Infine, con un rendimento attorno al 4% sul decennale USA, quel livello si conferma come riferimento globale per tutto il mercato obbligazionario, condizionando i costi di finanziamento, le strategie di allocazione e i flussi di capitale anche in Europa e nel Regno Unito.
Il nesso tra UK e USA: che cosa osservare
L’unione dei due scenari – inflazione stabile nel Regno Unito e rendimenti USA in calo – offre diverse indicazioni utili per leggere il momento di mercato.
Nel Regno Unito, un’inflazione che resta stabile ma ancora alta suggerisce che la Bank of England potrebbe prendersi più tempo per osservare gli effetti della stretta prima di intervenire. Tuttavia, se i rendimenti globali – in particolare quelli americani – continueranno a scendere, l’ambiente finanziario più disteso potrebbe convincere la BoE ad anticipare un taglio dei tassi, anche per evitare un indebolimento eccessivo della sterlina o una frenata dell’economia.

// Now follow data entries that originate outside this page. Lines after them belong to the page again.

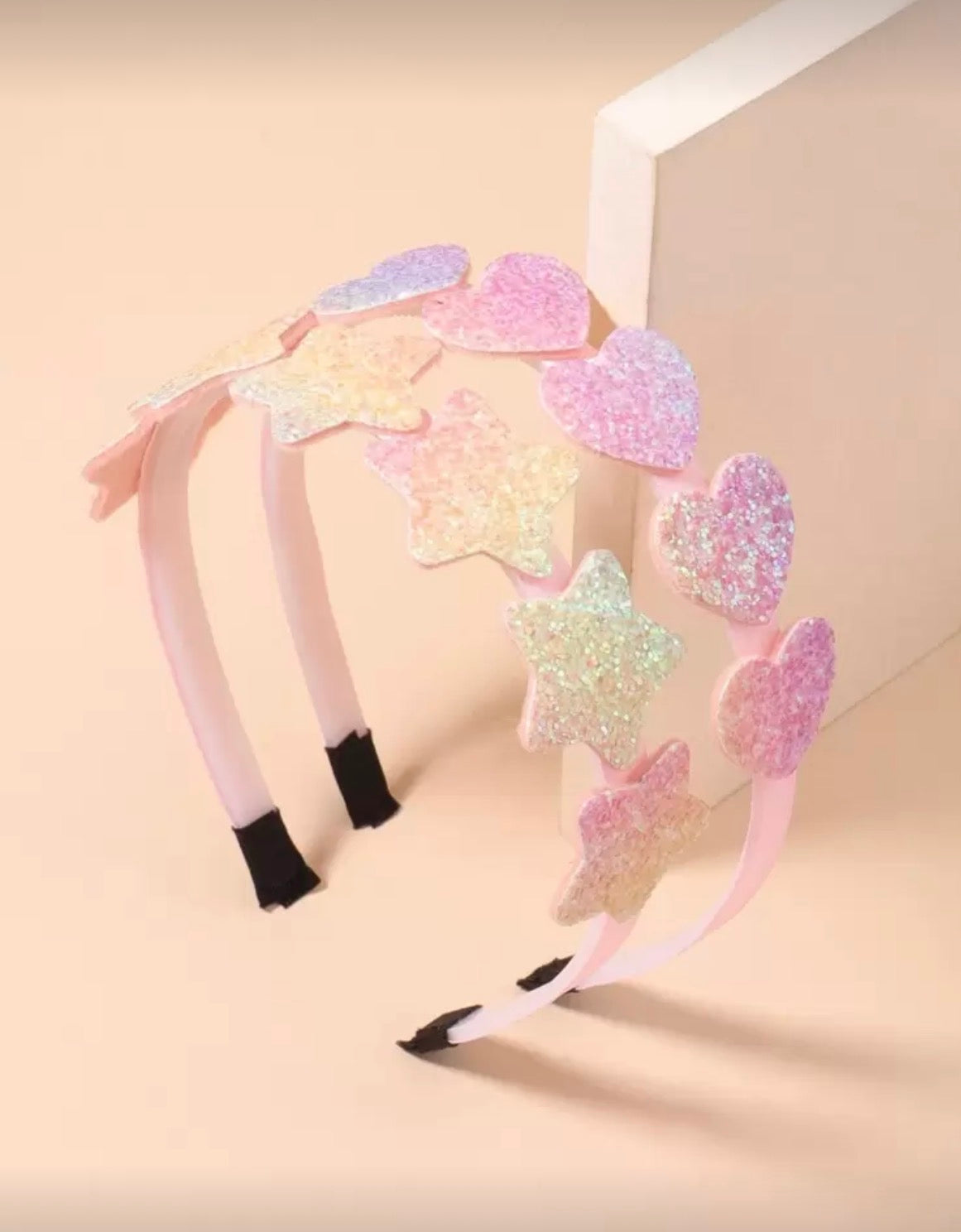 Glitter headbands stars and heart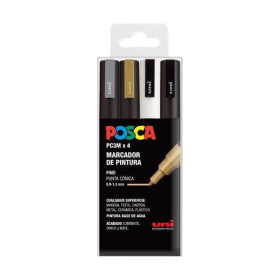 POSCA - Marqueurs PC-3M - Étui de 4 - Or Argent Blanc Noir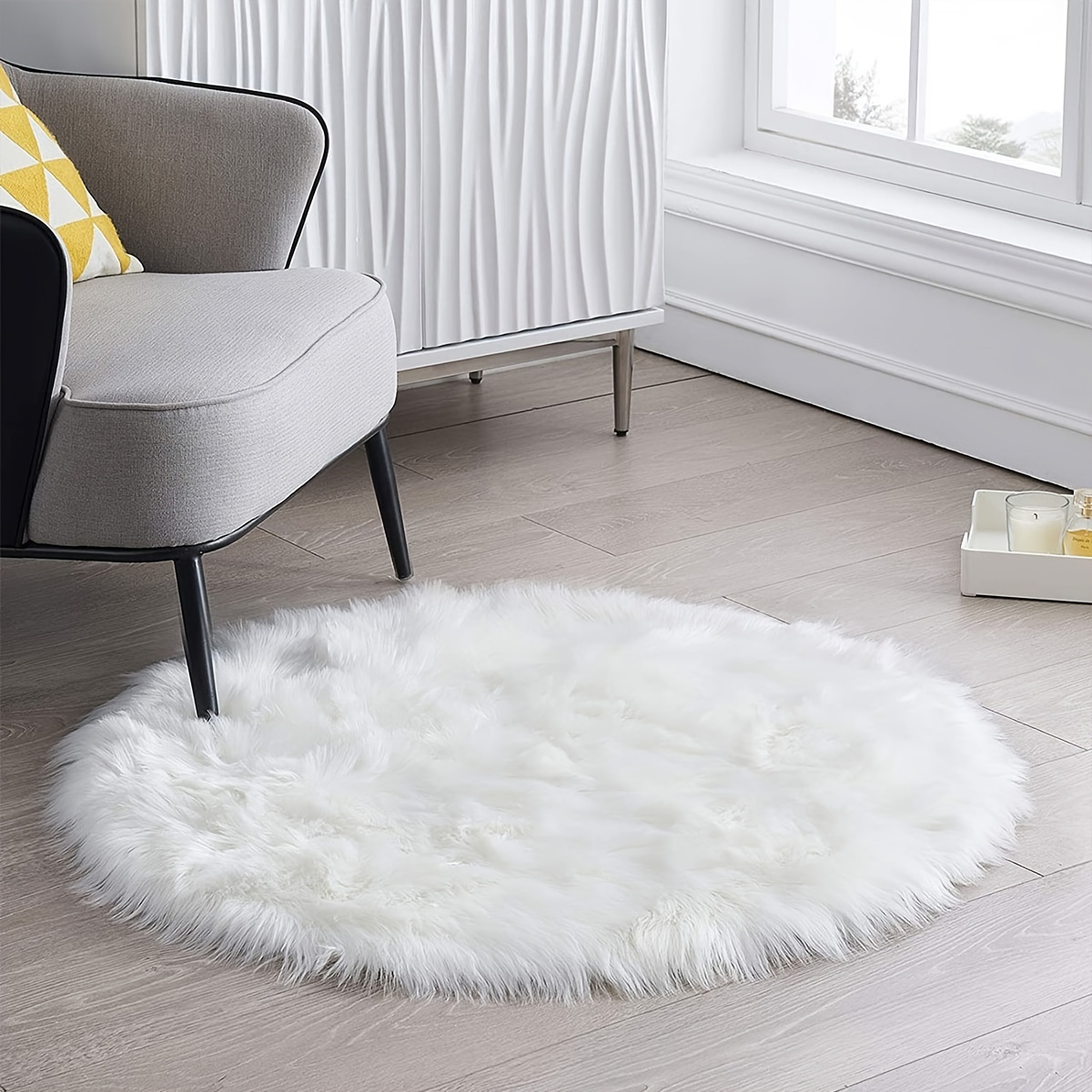 Alfombra grande y esponjosa para dormitorio, de 5 x 8 pies, alfombra de  pelo largo blanco lanudo para sala de estar, alfombra de piel sintética
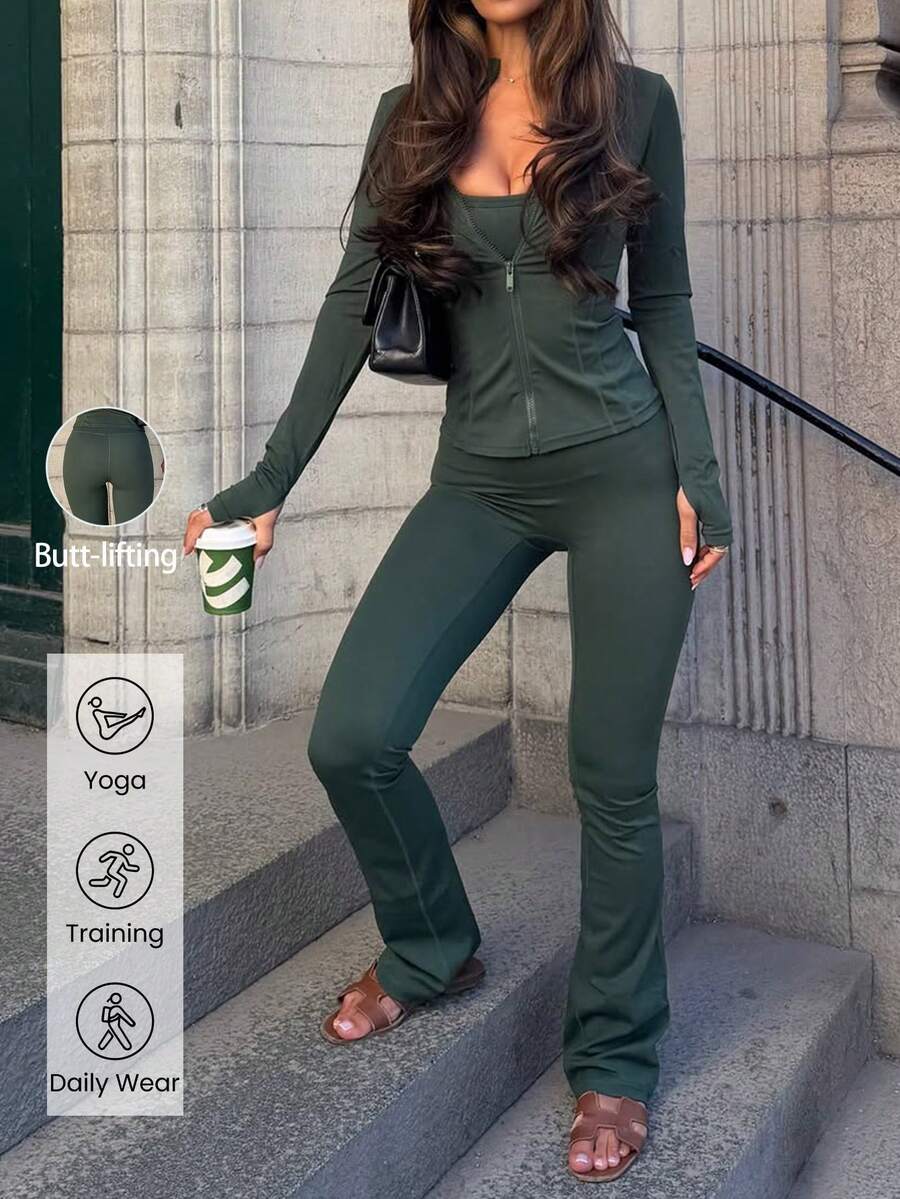 مجموعة ملابس يوجا ورياضة نسائية من قطعتين Muse Moon Fall Fashion، توب بأكمام طويلة وسحاب مع ليقنز واسع الساقين برفع المؤخرة، للارتداء اليومي وتدريبات الجيم - أخضر - مشاهدة 1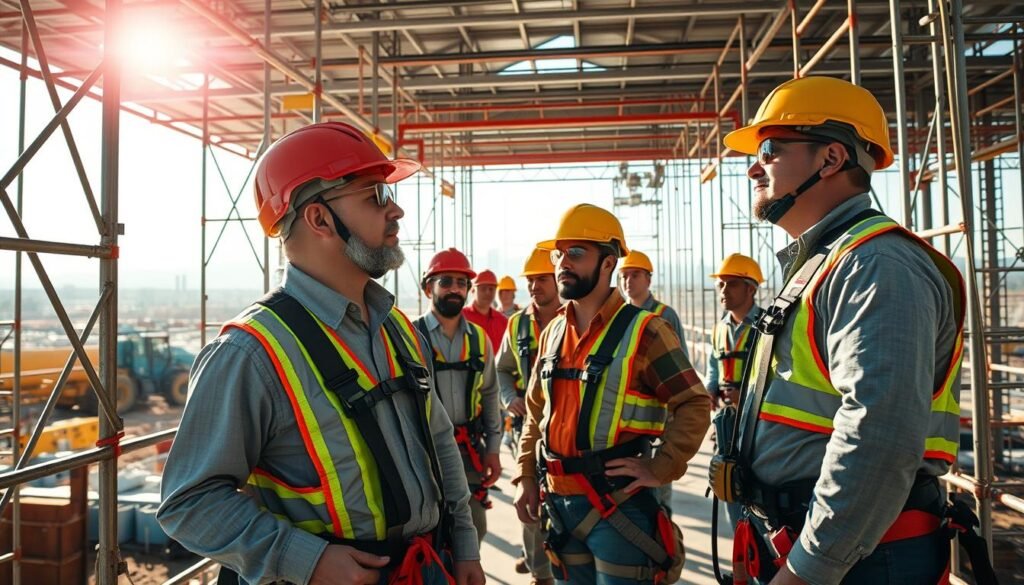 Redução de acidentes construção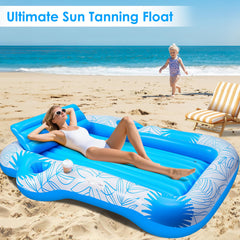 Multi-use float for lake, pool, or backyard relaxation.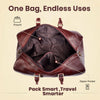 Full-Grain Leather Weekender Duffel Bag – 55L Travel & Overnight Bag Brown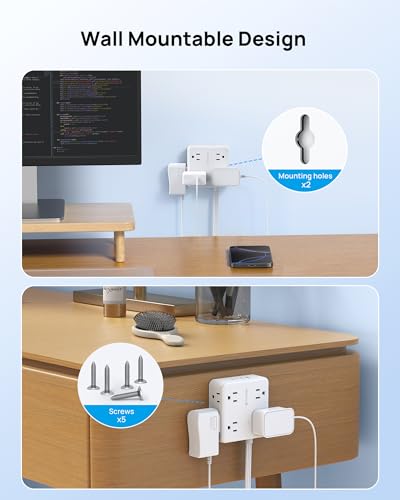 Image of TROND Power Strip, 360 Rotating Flat Plug, 8 Widely Spaced Outlets, 3C1U, Flat Plug Extension Cord 5ft, 1440J Surge Protector for Home Office, White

Allo stesso tempo, la discesa dei rendimenti americani produce un effetto di spill-over: i capitali internazionali si orientano verso titoli britannici ed europei, riducendo i costi di rifinanziamento e offrendo ulteriore margine di manovra alla BoE.
Per gli investitori con maggior tolleranza ai rischi e che ritengono probabile un ciclo di tagli dei tassi, è possibile valutare un progressivo allungamento delle scadenze, soprattutto su titoli UK e USA (chiaramente al netto del rischio cambio che può essere gestito dinamicamente come abbiamo visto spesso nei Workshop live per gli abbonati Pro).
Infine, il quadro europeo resta un tassello fondamentale. Mentre Regno Unito e Stati Uniti si muovono verso una fase potenzialmente più morbida, la Banca Centrale Europea rimane più cauta, ancora concentrata sull’analisi dei dati interni. Per gli investitori italiani ed europei, sarà quindi essenziale monitorare non solo le decisioni di Londra e Washington, ma anche le reazioni della BCE a un contesto monetario globale che sta progressivamente cambiando tono.